14 Ekim 2015 Çarşamba

Tiyatronun gelişmesi için bilgeye, "düşünür"e ihtiyaç duyulması gerekir...

Tiyatromuz, "başka" tiyatroları tanıyarak zenginleşir...

Hilmi Bulunmaz
14 Ekim 2015

Kendimi bildim bileli tiyatro sanatıyla uğraşıyorum! Ülkemizdeki tiyatro düşmanlığının çoğunun tiyatrocular tarafından yapıldığına her gün biraz daha fazla inanıyorum! Kendi gücüyle değil, başkalarının gücüyle koltuk ısıtanların "zavallı duruşları" bana çok büyük hüzün veriyor. Ağlıyorum! Evet, bildiğiniz biçimde, gerçek anlamında, gözyaşı dökerek, ağlıyorum. Tanık göstermek zorunda değilim! Ama Mesut Alptekin'e sorabilirsiniz...

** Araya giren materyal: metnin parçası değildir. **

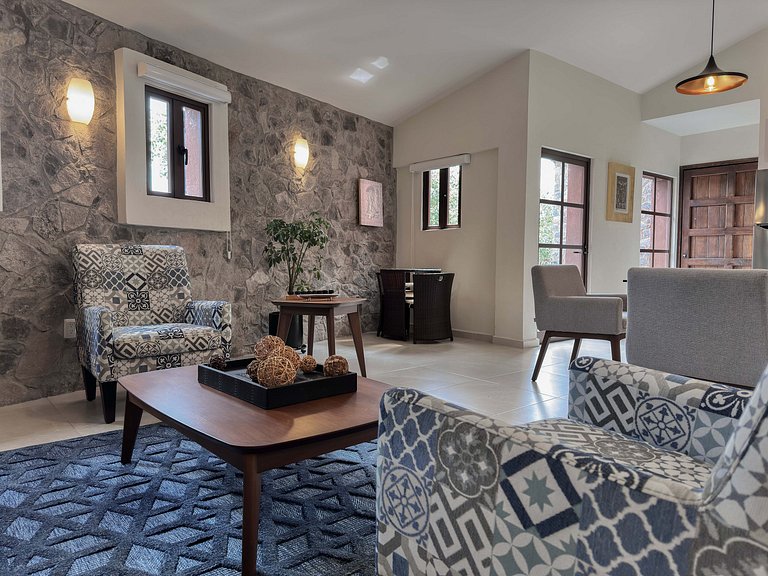 Loft Castellina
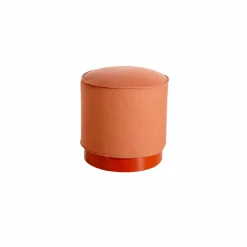 SLIDE Sitzsäcke|Sitzsäcke-Outdoorpouf, aus Polyethylen und Stoff oder Leder-Mara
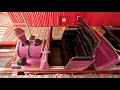 Jozi Express on-ride POV (乗車映像) / Gold Reef City Theme Park (南アフリカ共和国)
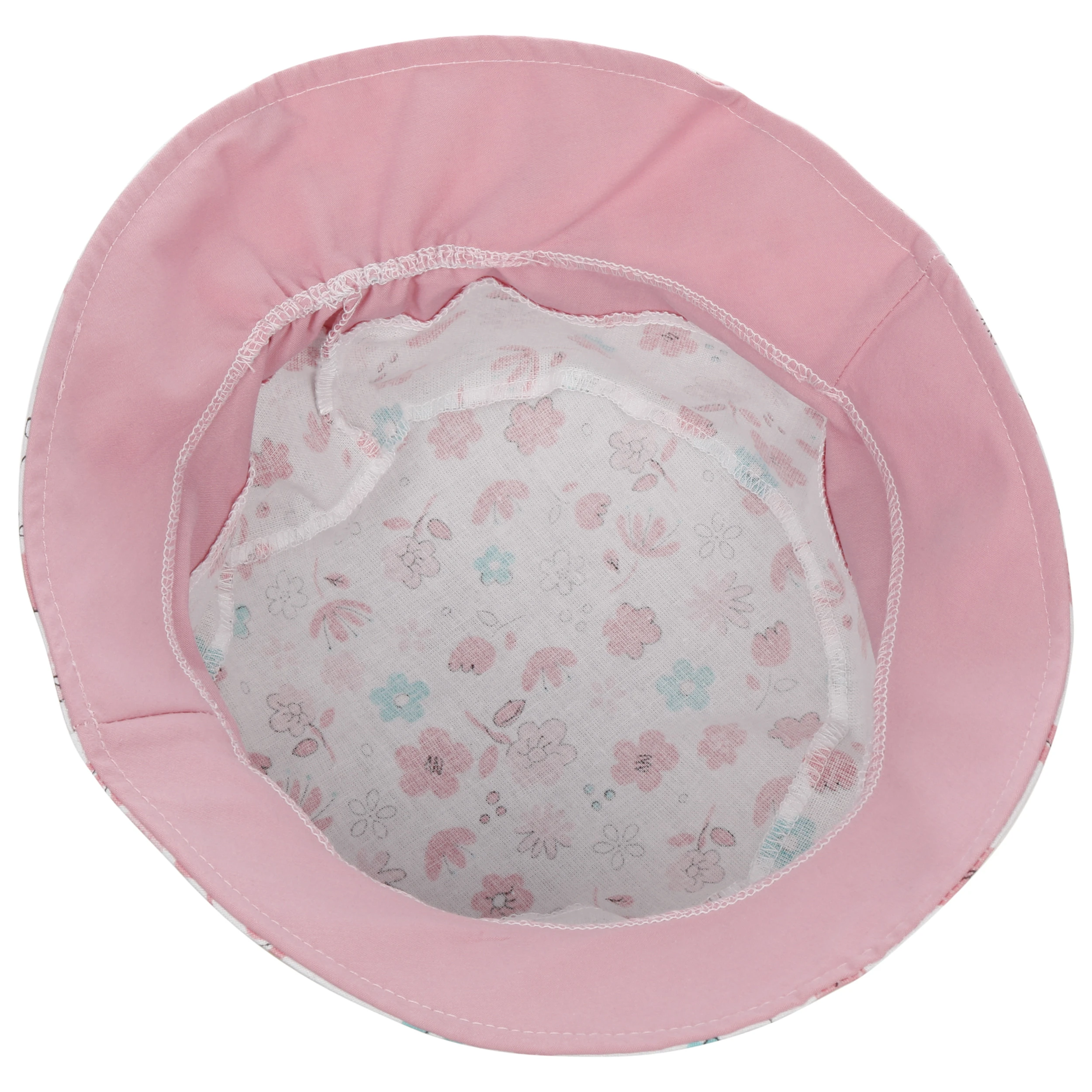 Hutshopping Summer Bucket Mädchenhut 2 Hutshopping Summer Bucket Mädchenhut – Bild 2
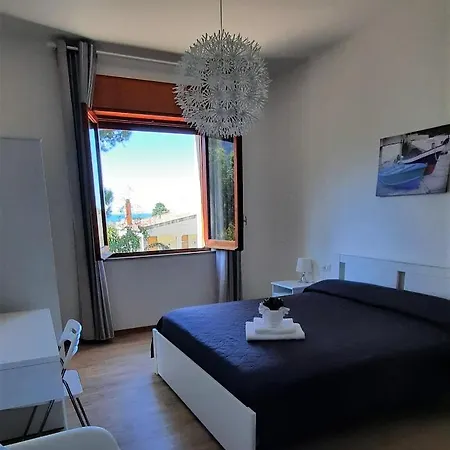 Appartamento Seaside Dreams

Tiyatro için döktüğüm gözyaşlarının inciye dönüşmesini sağlayan birkaç istiridye var. Bunlardan biri Melih Anık... Ne ben Anık'ı sahipleniyorum, ne de Melih Anık beni sahipleniyor... "Sahiplenmek" bir köpek ko(r)kusu veriyor bana. Daha çok, "benimsemek" benimki. Evet, "BENİM"SEMEK!

Melih Anık'ı okumayanın, tiyatro sanatı bilinci gelişmez. Bertolt Brecht'e gitmeye, Shakespeare'e uçmaya, asla gerek yok yada şöyle söylemeliyim: Melih Anık'ı "aşamayan", ne Brecht'ten, ne de Shakespeare'den anlar!